When the propylene and/or butene-1 component content in the amorphous polyolefin is less than 50% by weight, the amorphous polyolefin has low compatibility with the crystalline polypropylene [the component (b)], which is not preferable.

It is preferable that the amorphous polyolefin of the present invention has a heat of crystallization within a certain limitation. To be more precise, when the amorphous polyolefin is a propylene/butene-1 copolymer, a heat of crystal fusion is desired to be less than 10 Joule/g, and when the amorphous polyolefin is a propylene/ethylene copolymer, a heat of crystal fusion is desired to be 20 Joule/g or less. In case that the heat of crystal fusion is beyond its limitation, the amorphous polyolefin has low flexibility.

Incidentally, the heat of crystal fusion was measured as follows.

The heat of crystal fusion was measured in accordance with the straight line extended to the side of lower temperatures from a curved line of specific heat obtained by differential scanning calorimetry under a condition of perfect fusion of polymer. The measurement was proceeded by the use of DSC-50 produced by Shimadzu Corporation, about 10 mg of the sample, and Indium as a caloric standard under nitrogen atmosphere with the following heating program:

In the first place, the sample was heated up to 210.degree. C. with temperature increase of 50.degree. C. per minute. After leaving the sample at 210.degree. C. for five minutes, it was cooled down to -42.degree. C. with temperature decrease of 10.degree. C. per minute. After leaving the sample at -42.degree. C. for five minutes, the measurement was proceeded from the temperature range of -40.degree. C. to 200.degree. C. with temperature increase of 20.degree. C. per minute.

The amorphous polyolefin [the component (a)] of the present invention desirably has a boiling-n-heptane content (i.e. a boiling-n-heptane content when subjected to Soxhlet extraction) of 70% by weight or less, preferably 60% by weight or less, particularly preferably 10% by weight or less. When the boiling-n-heptane content is more than 70% by weight, the proportion of the amorphous portion in the amorphous polyolefin is small, making it impossible to obtain a resin composition having desired sufficient flexibility. The amorphous polyolefin [the component (a)] desirably has a number-average molecular weight of 1,000-2000, preferably 1,500-1000,000.
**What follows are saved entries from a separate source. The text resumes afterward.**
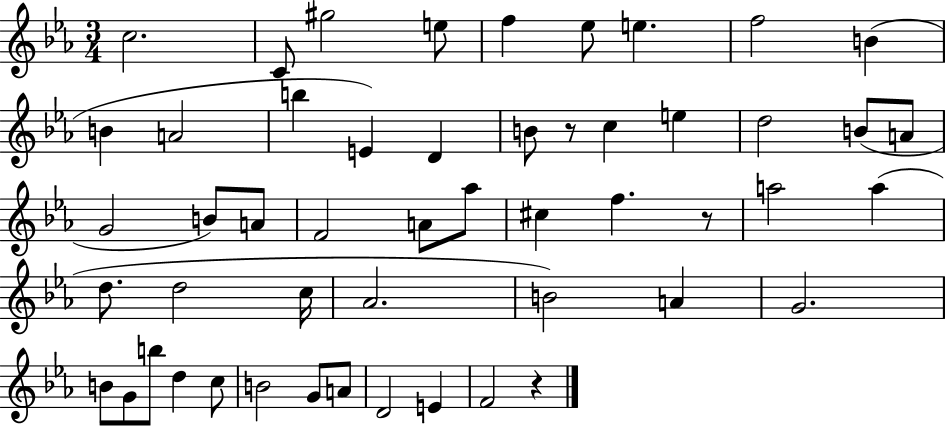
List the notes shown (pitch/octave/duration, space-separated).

C5/h. C4/e G#5/h E5/e F5/q Eb5/e E5/q. F5/h B4/q B4/q A4/h B5/q E4/q D4/q B4/e R/e C5/q E5/q D5/h B4/e A4/e G4/h B4/e A4/e F4/h A4/e Ab5/e C#5/q F5/q. R/e A5/h A5/q D5/e. D5/h C5/s Ab4/h. B4/h A4/q G4/h. B4/e G4/e B5/e D5/q C5/e B4/h G4/e A4/e D4/h E4/q F4/h R/q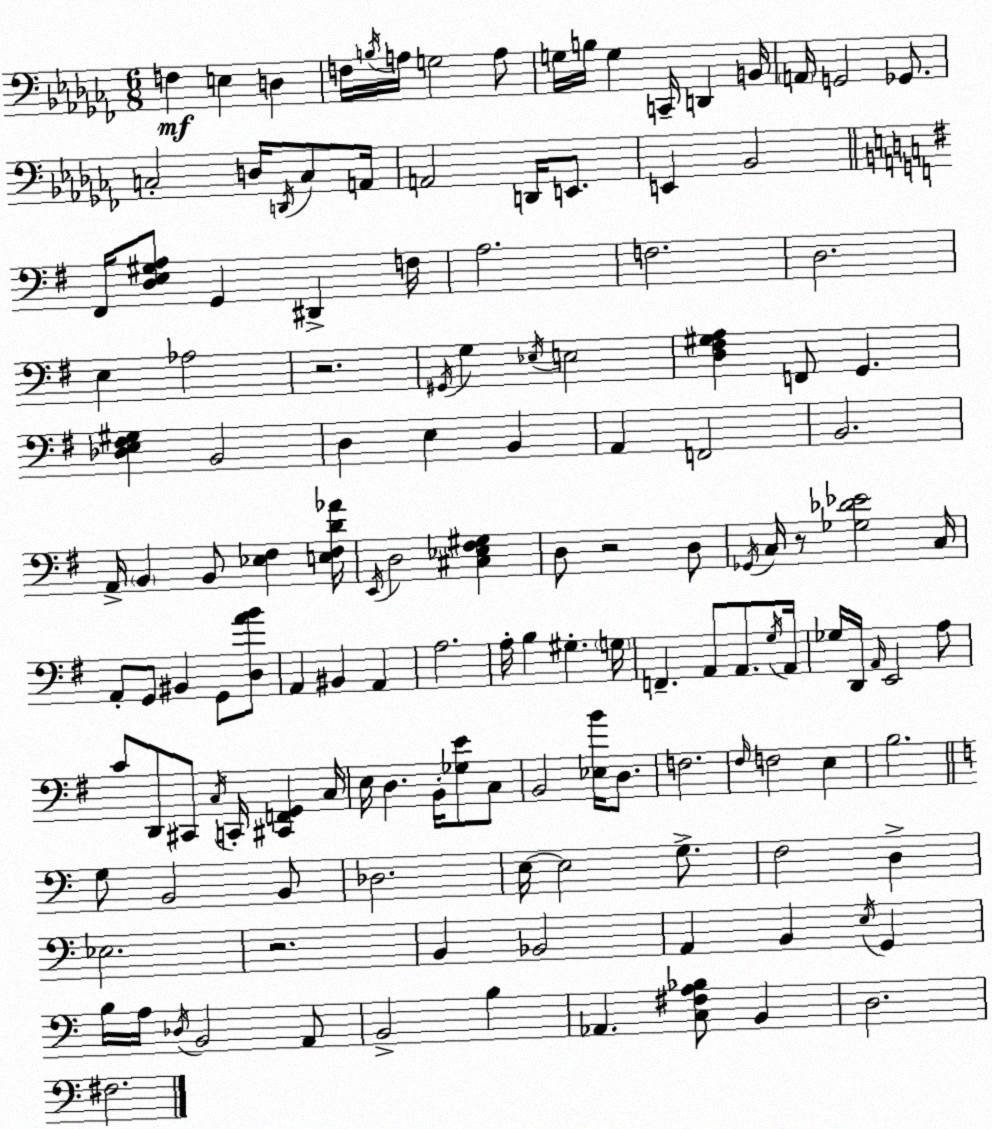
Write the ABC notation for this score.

X:1
T:Untitled
M:6/8
L:1/4
K:Abm
F, E, D, F,/4 B,/4 A,/4 G,2 A,/2 G,/4 B,/4 G, C,,/4 D,, B,,/4 A,,/4 G,,2 _G,,/2 C,2 D,/4 D,,/4 C,/2 A,,/4 A,,2 D,,/4 E,,/2 E,, _B,,2 ^F,,/4 [D,E,^G,A,]/2 G,, ^D,, F,/4 A,2 F,2 D,2 E, _A,2 z2 ^G,,/4 G, _E,/4 E,2 [D,^F,^G,A,] F,,/2 G,, [_D,E,^F,^G,] B,,2 D, E, B,, A,, F,,2 B,,2 A,,/4 B,, B,,/2 [_E,^F,] [E,^F,D_A]/4 E,,/4 D,2 [^C,_E,^F,^G,] D,/2 z2 D,/2 _G,,/4 C,/4 z/2 [_G,_D_E]2 C,/4 A,,/2 G,,/2 ^B,, G,,/2 [D,AB]/2 A,, ^B,, A,, A,2 A,/4 B, ^G, G,/4 F,, A,,/2 A,,/2 G,/4 A,,/4 _G,/4 D,,/4 A,,/4 E,,2 A,/2 C/2 D,,/2 ^C,,/2 C,/4 C,,/4 [^C,,F,,G,,] C,/4 E,/4 D, B,,/4 [_G,E]/2 C,/2 B,,2 [_E,B]/4 D,/2 F,2 ^F,/4 F,2 E, B,2 G,/2 B,,2 B,,/2 _D,2 E,/4 E,2 G,/2 F,2 D, _E,2 z2 B,, _B,,2 A,, B,, E,/4 G,, B,/4 A,/4 _D,/4 B,,2 A,,/2 B,,2 B, _A,, [C,^F,A,_B,]/2 B,, D,2 ^F,2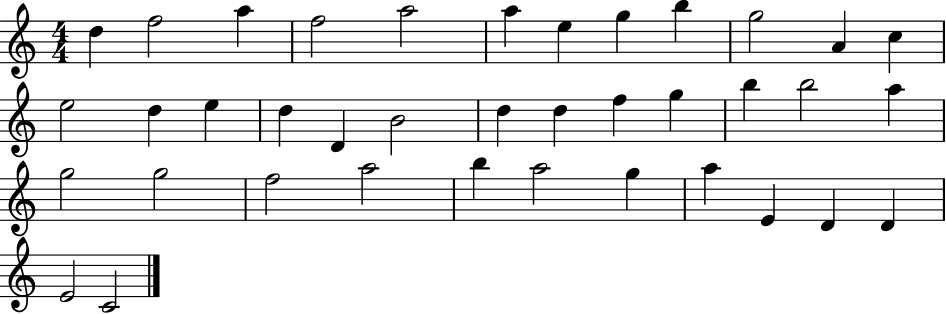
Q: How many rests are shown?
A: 0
The boiling-n-heptane content was measured by the method of Soxhlet extraction, using 2 g of cubes with each side measuring between 3 and 5 mm.

In the present invention, it is possible to use one or more amorphous polyolefins.

As the amorphous polypropylene, there may be used an atactic polypropylene which is produced as a by-product in producing a crystalline polypropylene. Alternatively, the amorphous polypropylene may be produced as such from a raw material. The propylene/other .alpha.-olefin copolymer can be produced as an intended product, from raw materials containing propylene in a desired proportion.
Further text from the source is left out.